When Royal Dutch Shell wanted to buy a stake last year in a promising exploration block off South Africa, Total, the asset’s main shareholder, used its right to stymie the deal and acquired the share itself, only to sell it on to Qatar Petroleum.
The rapid turn of events caught some of those involved by surprise, according to company sources close to the transaction, whose details have not previously been reported.
For Total (TOTF.PA), it was part of a wider quest to tighten ties with Qatar Petroleum (QP) in an effort to secure a stake in the Gulf country’s planned expansion of its liquefied natural gas (LNG) facilities, already the world’s largest and one of the most lucrative projects in the energy sector.
The race for a role in the project has drawn in several of the world’s largest energy companies, including Exxon Mobil (XOM.N) and Shell (RDSa.L), which have also offered QP stakes in some of their most prized ventures.
Energy companies see natural gas, the least polluting hydrocarbon, as a key fuel in the transition to a lower-carbon economy. Liquefying the gas allows its transportation to consumer countries such as India, China and Japan and demand for LNG is expected to soar in coming decades.
Qatar’s LNG production facilities, in which Total already holds a stake along with Shell, Exxon and ConocoPhillips (COP.N), offer investors access to vast resources at among the cheapest production costs.
“That’s a big, chunky piece of gas reserves. If you can buy into or somehow get involved in these projects, that might help (companies) on the reserves side,” said Jason Feer, head of business intelligence at LNG shipbroker and consultancy Poten & Partners.
QP wants to expand its LNG production to around 110 million tonnes per annum from today’s 77 mtpa over the next five years by building four new production facilities, known as trains.
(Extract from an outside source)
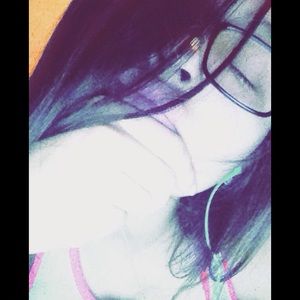 Meet your Posher, Crystal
The company is expected to announce its partners in the coming months, industry sources said.
The terms for the new production have not yet been revealed. They are likely to be less attractive than those for the original LNG facilities, but still among the most competitive in the world, Feer said.
“The returns on the expansion will be less merely because the risk from the earlier trains is largely gone … There’s no reason for the Qataris to give a better deal.”
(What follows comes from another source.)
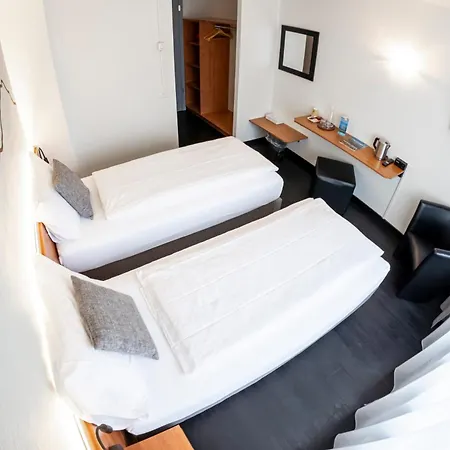 Merkur - West Station 酒店 3*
QP’s overseas investments are part of a strategy under Chief Executive Saad Al Kaabi, who is also Qatar’s energy minister, to expand its global operations.
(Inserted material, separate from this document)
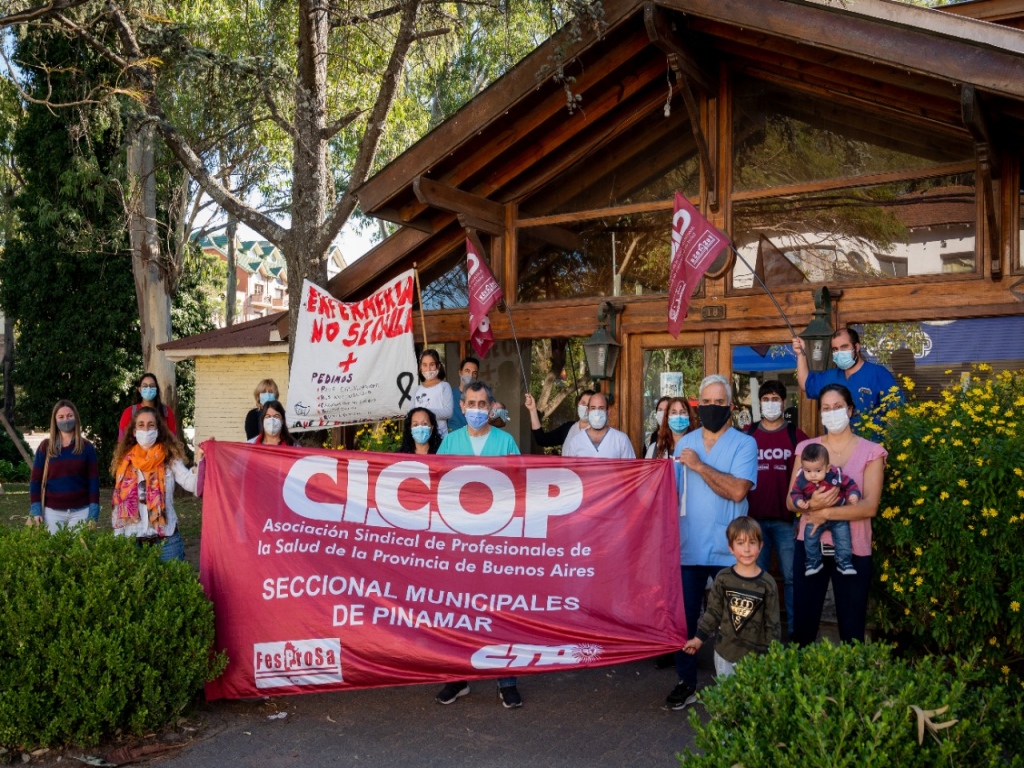 Los trabajadores de la salud de Pinamar acamparon frente a la Municipalidad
Kaabi has made no secret of his intentions.
“We are looking for a lot of things (in our partners) including asset swaps, things that will help me in my international expansion,” Kaabi told Reuters in 2018.
“If I don’t get good deals, nobody will come.”
The overseas investments and cooperation with foreign companies have also helped Qatar defy an embargo imposed by a number of neighboring countries led by Saudi Arabia in 2017 over allegations that Doha supports terrorism. Qatar denies the charges.